Il faut enfin se frayer de nouveaux chemins et refuser le monde par ce qu'on voit dans ses espaces livres, ces espaces publics, ces librairies. Ce qu'il y a de cool, de charmant et d'étonnant, c'est qu'on trouve dans ces espaces justement ce qu'on ne cherche pas. On vient chercher la comtesse de Ségur et on repart avec Derrida.

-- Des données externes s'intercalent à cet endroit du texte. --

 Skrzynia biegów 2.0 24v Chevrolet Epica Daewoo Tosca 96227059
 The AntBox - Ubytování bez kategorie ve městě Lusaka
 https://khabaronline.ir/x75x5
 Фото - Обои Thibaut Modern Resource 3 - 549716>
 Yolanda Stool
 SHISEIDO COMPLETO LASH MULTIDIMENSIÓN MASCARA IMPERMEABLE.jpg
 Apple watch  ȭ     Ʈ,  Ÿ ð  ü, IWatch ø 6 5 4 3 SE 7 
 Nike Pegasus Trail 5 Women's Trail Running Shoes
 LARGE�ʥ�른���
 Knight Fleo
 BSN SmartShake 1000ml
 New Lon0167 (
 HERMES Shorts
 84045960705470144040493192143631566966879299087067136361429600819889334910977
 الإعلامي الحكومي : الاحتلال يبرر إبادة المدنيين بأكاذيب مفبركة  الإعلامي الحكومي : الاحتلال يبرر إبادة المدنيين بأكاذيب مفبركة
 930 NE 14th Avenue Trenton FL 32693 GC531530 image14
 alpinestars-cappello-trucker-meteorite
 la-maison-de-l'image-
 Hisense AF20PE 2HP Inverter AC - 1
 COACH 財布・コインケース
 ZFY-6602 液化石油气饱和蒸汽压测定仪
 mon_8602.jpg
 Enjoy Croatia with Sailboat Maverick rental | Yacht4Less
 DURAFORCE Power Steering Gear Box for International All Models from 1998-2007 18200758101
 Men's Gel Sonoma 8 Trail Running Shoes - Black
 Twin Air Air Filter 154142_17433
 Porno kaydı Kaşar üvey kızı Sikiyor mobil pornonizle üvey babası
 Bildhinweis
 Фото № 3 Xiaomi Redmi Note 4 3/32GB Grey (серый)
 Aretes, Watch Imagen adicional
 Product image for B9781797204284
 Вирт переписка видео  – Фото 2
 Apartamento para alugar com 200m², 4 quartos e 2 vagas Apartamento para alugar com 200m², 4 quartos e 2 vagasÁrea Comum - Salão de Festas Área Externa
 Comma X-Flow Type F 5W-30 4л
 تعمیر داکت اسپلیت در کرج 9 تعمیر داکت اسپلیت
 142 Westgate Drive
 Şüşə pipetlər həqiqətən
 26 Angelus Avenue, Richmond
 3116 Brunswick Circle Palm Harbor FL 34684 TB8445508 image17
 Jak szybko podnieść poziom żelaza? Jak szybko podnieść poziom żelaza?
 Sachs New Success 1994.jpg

On peut aussi y poser des questions sans paraître trop idiote. Et puis on peut toucher, feuilleter, mettre à l'envers, aller en avant, en arrière, hésiter, reposer, s'interroger, se dire « il est moche », douter ou essayer de croire… il y a la quatrième de couverture qui ressemble à toutes les quatrièmes , et continuer… C'est un beau chemin. La librairie, c'est un espace qui est silencieux mais qui est si bavard et si sensuel, où l'intelligence est en éveil dans la mesure où les libraires - qui sont des passeurs - se servent autant eux-mêmes de leurs affects que de leurs découvertes et se servent de nos affects, à nous qui les avons mis dans les livres. C'est chouette, non ? Et que serait donc une ville sans librairies, sans passages où il y a des libraires ? Ce serait pour moi une ville sans arc-en-ciel. Car pour moi les vitrines des libraires sont des arcs-en-ciel et la librairie un espace où flâner entre les rangées de livres, où on se promène entre deux perceptions amoureuses, ou belles ou pures. Flâner, flâner… comme disait Walter Benjamin, c'est être passant ou passante de l'émotion ou de l'intelligence qui s'y trouve.